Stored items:
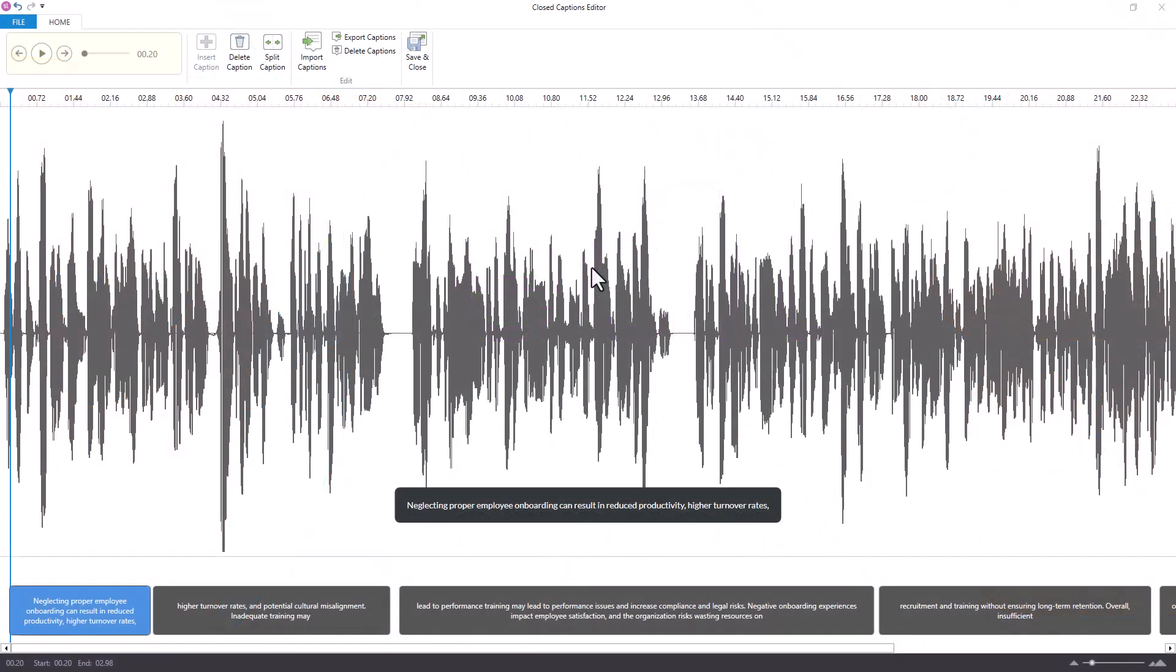While it might seem counterintuitive and hard to force yourself to do it first, one suggestion might be to completely ignore the text inside of the captions and instead focus on spacing the captions themselves evenly throughout the audio track.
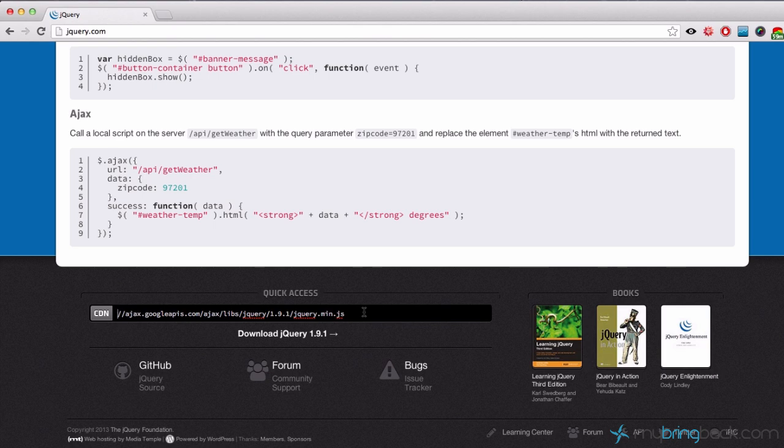But sometimes it's useful to download it, especially if you're hanging out with your laptop somewhere outside and developing stuff and your internet connection is either lame or there is no connection at all. You can take advantage of jQuery stored locally on your computer.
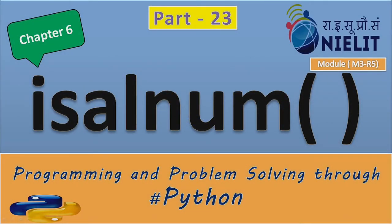Hello friends, as you know, we are talking about some functions in Python and I have told you a lot about functions.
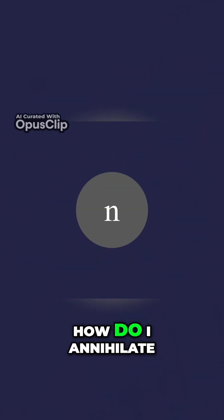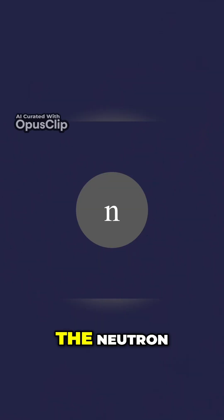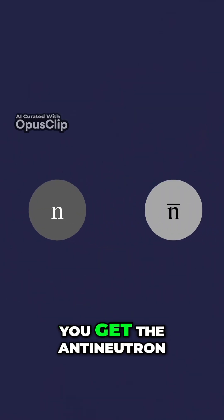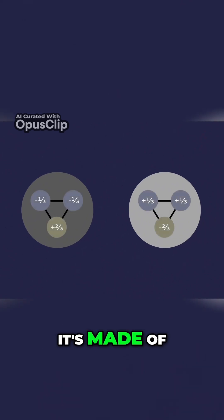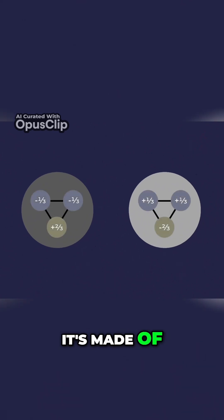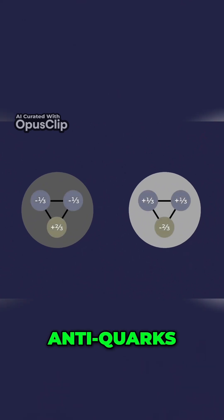How do I annihilate the neutron? You get the anti-neutron that's made of anti-quarks.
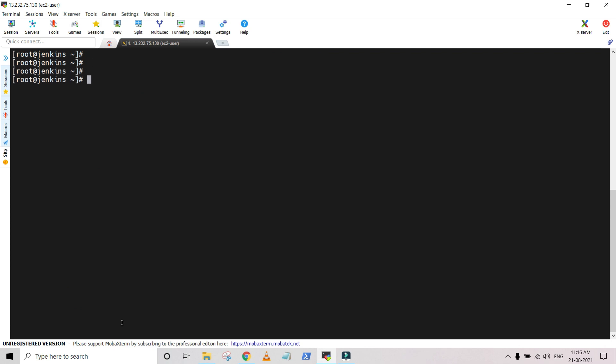My next step is to install Git on the Jenkins server. For this I am using the command yum install git. Git is now installed on the Jenkins machine.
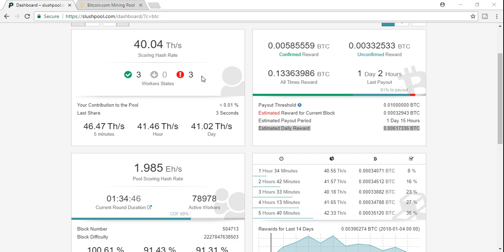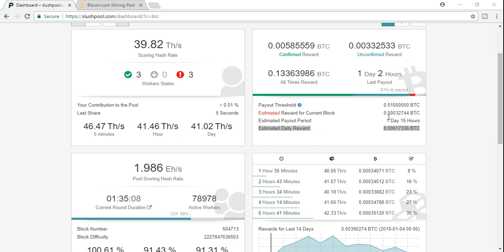Here at Slush Pool, I'm hashing approximately right now about 40 terahash per second. If you look, my estimated daily reward is 0.006. Now guys, this constantly changes. Anybody who's mining knows that, but on average I'm staying about 0.005 to 0.06 with this 40 terahash per second. Look, it just dropped right now.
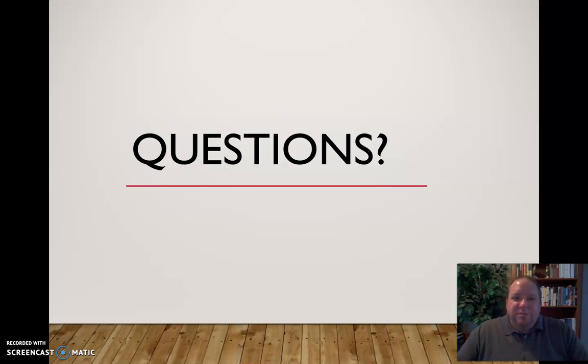If you have questions about emotion or emotional expression, please feel free to email me. I'm always happy to talk. In the meantime, happy communicating.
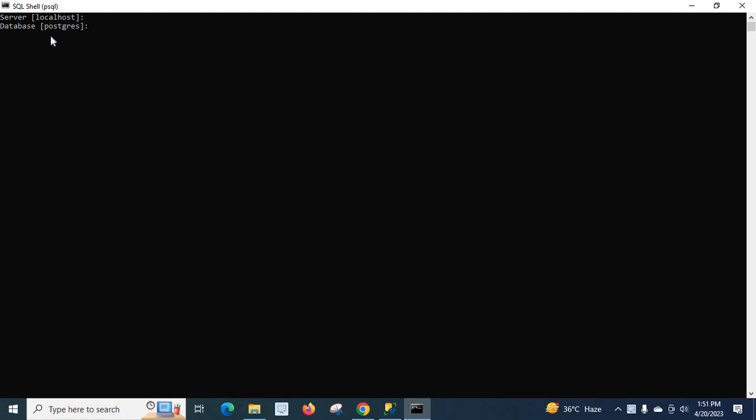Port is 5432, username postgres. The username is also postgres. For the password for user postgres, we have to enter the password for the postgres user.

Exercise details: Although the records hold pictures, the copy must not; give again exactly the lines from the one with "But sometimes it's" through the one with "Hello friends, as".

Answer space:
But sometimes it's useful to download it, especially if you're hanging out with your laptop somewhere outside and developing stuff and your internet connection is either lame or there is no connection at all. You can take advantage of jQuery stored locally on your computer.
Hello friends, as you know, we are talking about some functions in Python and I have told you a lot about functions.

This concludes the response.